| What is required |
When writing out the entries below, keep only the lines from the line with "Waffle House" to the line with "Aayushi Lyngwa", both included, exactly as they are, and leave the pictures aside.

| Supplied entries |
......

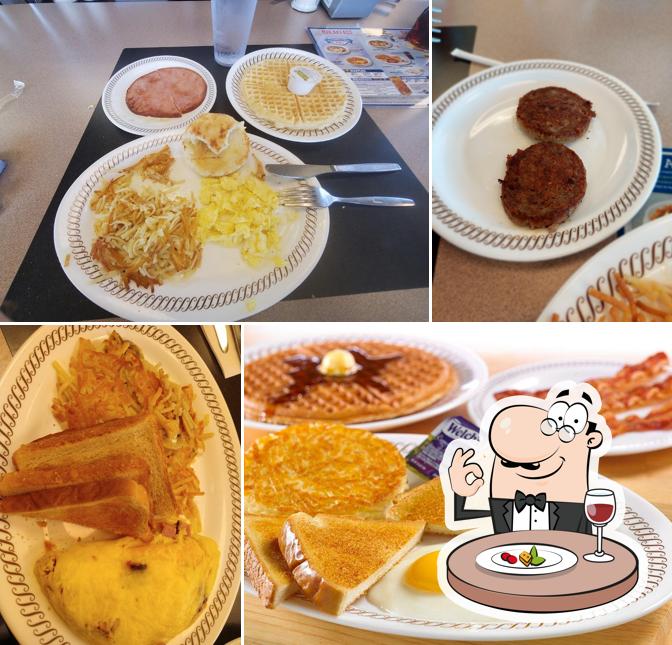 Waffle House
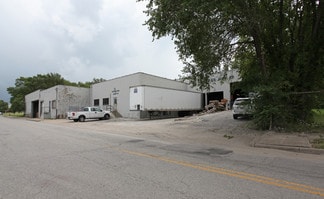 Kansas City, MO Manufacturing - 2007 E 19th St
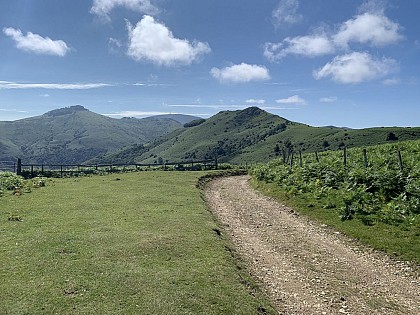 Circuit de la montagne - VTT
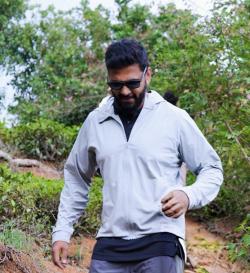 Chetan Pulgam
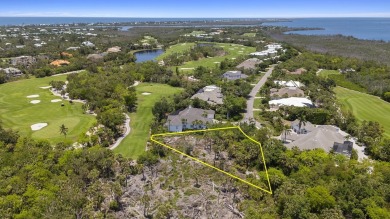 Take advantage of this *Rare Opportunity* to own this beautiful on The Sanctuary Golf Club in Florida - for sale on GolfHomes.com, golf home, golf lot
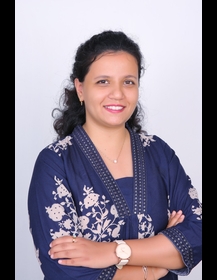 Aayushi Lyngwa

......

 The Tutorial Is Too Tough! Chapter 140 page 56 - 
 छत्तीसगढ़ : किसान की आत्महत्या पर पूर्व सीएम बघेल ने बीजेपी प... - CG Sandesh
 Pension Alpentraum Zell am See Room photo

......

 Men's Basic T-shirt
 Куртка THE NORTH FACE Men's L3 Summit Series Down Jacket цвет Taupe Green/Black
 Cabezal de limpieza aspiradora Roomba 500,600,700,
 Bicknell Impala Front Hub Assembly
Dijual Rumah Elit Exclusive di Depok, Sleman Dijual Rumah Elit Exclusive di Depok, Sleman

......

| Solution to this task |
 Waffle House
 Kansas City, MO Manufacturing - 2007 E 19th St
 Circuit de la montagne - VTT
 Chetan Pulgam
 Take advantage of this *Rare Opportunity* to own this beautiful on The Sanctuary Golf Club in Florida - for sale on GolfHomes.com, golf home, golf lot
 Aayushi Lyngwa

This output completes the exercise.